As the COVID-19 pandemic showed, continuous preparedness for various risks is critical for healthcare organizations. Indeed, similar disasters demand hospitals be constantly ready to help patients (Zeenny et al., 2020). Unpreparedness for emergencies may be caused by the lack of financial resources and a wrong vision among administrators (Zeenny et al., 2020). Still, inadequate foresight may persist due to insufficient knowledge and data in this area because hospital managers make plans and decisions based on the available information from research or other healthcare institutions (Shaffer, 2020). Therefore, attaining successful outcomes at times of crisis requires “a high level of continuous readiness,” which can be reached by appropriate planning (Shaffer, 2020, para. 2). A skilled team is also necessary for hospitals with good risk preparedness (Shaffer, 2020). However, not many clinical workers understand the importance of this topic. According to the 2016-2019 American College of Healthcare Executives survey, less than 1% of CEOs of health organizations viewed risk readiness as their primary concern (Shaffer, 2020). Continuous preparedness should always be prioritized in hospitals because, in this case, clinicians’ and patients’ lives may be at stake.

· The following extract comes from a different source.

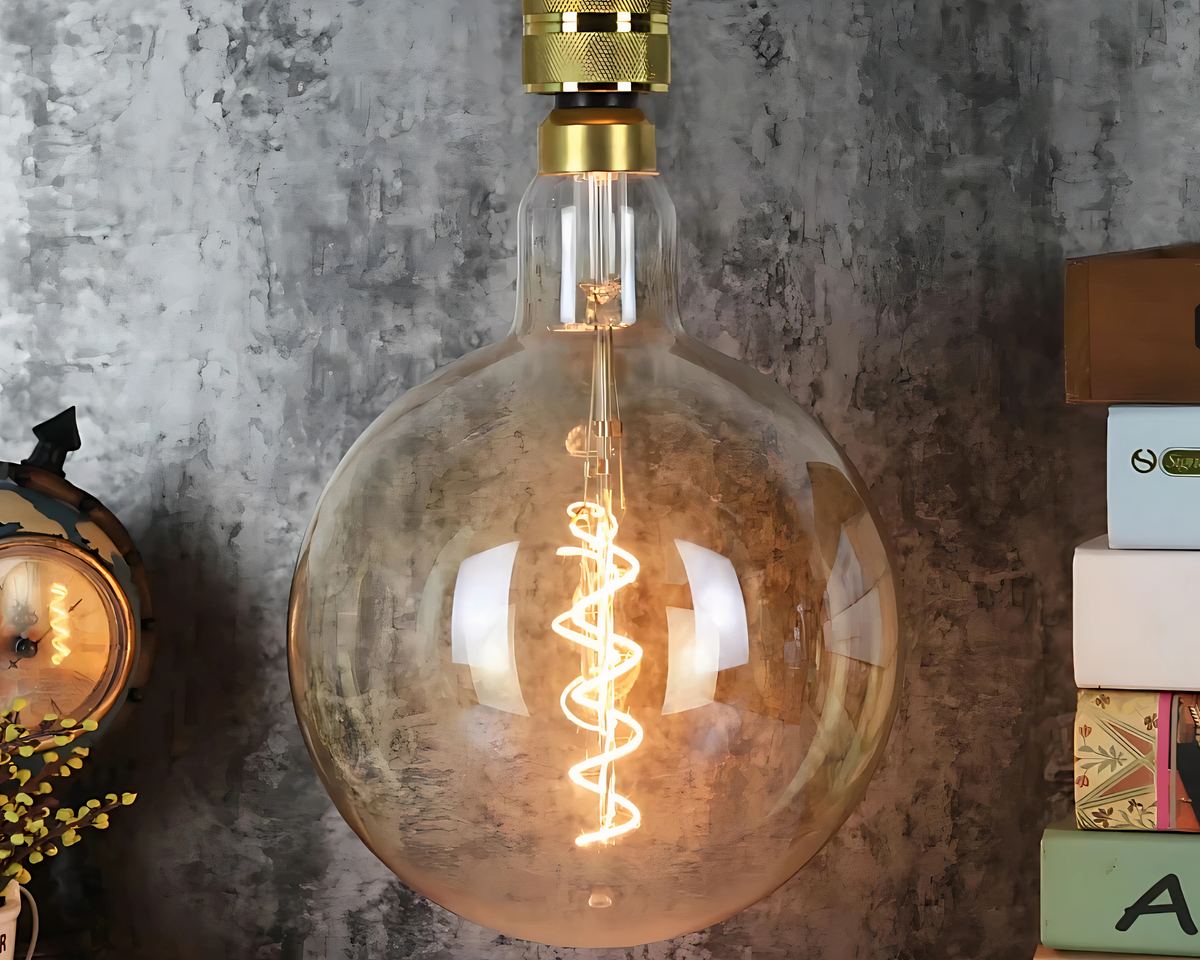 Lustre design ampoule géante ambrée spirale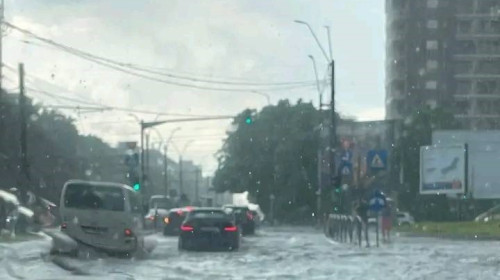 Furtună în Bucureşti/ Foto: Facebook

If healthcare workers do not engage in continuous readiness efforts, the consequences may be severe for individuals and organizations. For example, when the Ebola outbreak occurred in West Africa in 2014-2016, the U.S. Department of Health decided to prepare hospitals to accept potentially infected travelers who returned to the country (Flinn et al., 2020). However, the Johns Hopkins Hospital biocontainment unit was unprepared for 60% of the study time because of dysfunctional autoclaves and understaffing during night shifts (Flinn et al., 2020). Fortunately, these violations were discovered before a potential disaster; thus, this healthcare institution had a chance to improve the situation.
When a crisis occurs, hospitals must relocate their resources to provide maximally effective patient care. Risk-based financing “involves an organization’s methods for efficiently and effectively funding loss that results from risk” (NEJM Catalyst, 2018, para. 19). The potential fraud temptations, in this case, include performing unnecessary procedures to generate insurance payments, charging for services that were not provided, upcoding, and falsifying diagnoses to justify useless interventions (Peck & McKenna, 2017). Therefore, creating an anti-fraud culture in hospitals is crucial to prevent such incidents.
Regulatory non-compliance in healthcare is a failure to follow established rules, leading to unpleasant outcomes. If hospitals systemically violate continuous readiness or other standards, the risk is paying 3.5 more than in the case of compliance (PowerDMS, 2020). However, the consequences are not only substantial financial fines but also lawsuits that may affect an organization’s reputation. Thus, hospitals should strive to comply with institutional standards and have continuous preparedness for potential risks. In fact, the latter is a “full-time effort,” demanding constant input of corporate knowledge and skills to improve the existing system and reveal its flaws (Stymiest, 2018, para. 1). Frequent surveys and checks are the potential ways to maintain organizational readiness.
In summary, the concept of continuous preparedness in healthcare is essential because if hospitals are not ready for crises, employees and patients may be affected. Although many clinical administrators do not seem to comprehend this term fully, health institutions still try to plan their budgets based on the principles of risk financing. However, there are possible temptations in risk-based funding that result in fraudulent behavior of healthcare providers; hence, maintaining the culture of transparency is critical. Finally, since non-compliance with institutional regulations may have severe consequences for hospitals, healthcare organizations should conduct frequent assessments to evaluate readiness for future problems.
Flinn, B. J., Benza, J. J., Sauer, L. M., Sulmonte, C., Hynes, N. A., & Garibaldi, B. T. (2020). The risk of not being ready: A novel approach to managing constant readiness of a high-level isolation unit during times of inactivity. Health Security, 18(3), 212–218.
NEJM Catalyst. (2018). What is risk management in healthcare? NEJM Catalyst Innovations in Care Delivery.
Peck, S., & McKenna, L. (2017). Fraud in healthcare. Health Management, 17(2), 124-126.
PowerDMS. (2020). Consequences of non-compliance in healthcare.
Shaffer, J. (2020). From surge plans to a culture of readiness. American Nurse.
Stymiest, D.L. (2018). Tips to achieve continuous compliance readiness. Health Facilities Management.
Zeenny, R.M., Ramia, E., Akiki, Y., Hallit, S., & Salame, P. (2020). Assessing knowledge, attitude, practice, and preparedness of hospital pharmacists in Lebanon towards COVID-19 pandemic: A cross-sectional study. Journal of Pharmaceutical Policy and Practice, 13(54), 1-12.